20 de janeiro de 2015
por José Pedro Antunes
por José Pedro Antunes
Sei de pessoas que acham
difícil, senão impossível, encontrar o riso em Kafka. Outras discordam mesmo
terminantemente de uma leitura pelo viés do humor. Humor que, segundo Polanski,
para poloneses e tchecos é o modo natural de se ler Kafka. Humor do qual os
dirigentes comunistas muito certamente se davam conta, mas as obras de Kafka
não correspondiam às exigências do realismo socialista.

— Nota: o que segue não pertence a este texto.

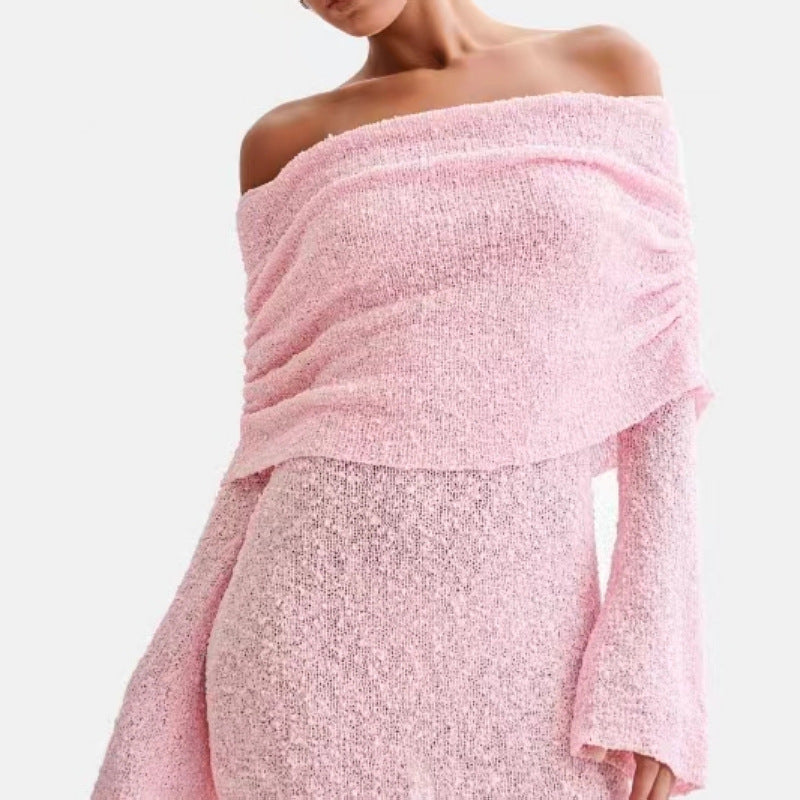 Robe courte à manches longues et épaules dénudées pour femme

Mas não pense o leitor que eu
mesmo não tenha momentos de hesitação diante dos achados que tenho feito e
veiculado em nome da possibilidade de uma leitura que leve em conta o riso em
Kafka. Cada novo livro a respeito acabará por nos obrigar a rever tudo o que já
tínhamos como sabido ou pensado. Eu mesmo me vejo em meio à leitura de um
cerrado ensaio filosófico. Em “K.”, esse o título da obra, o italiano Roberto
Calasso lê “O Processo” e “O Castelo” como sendo “quase” o mesmo romance.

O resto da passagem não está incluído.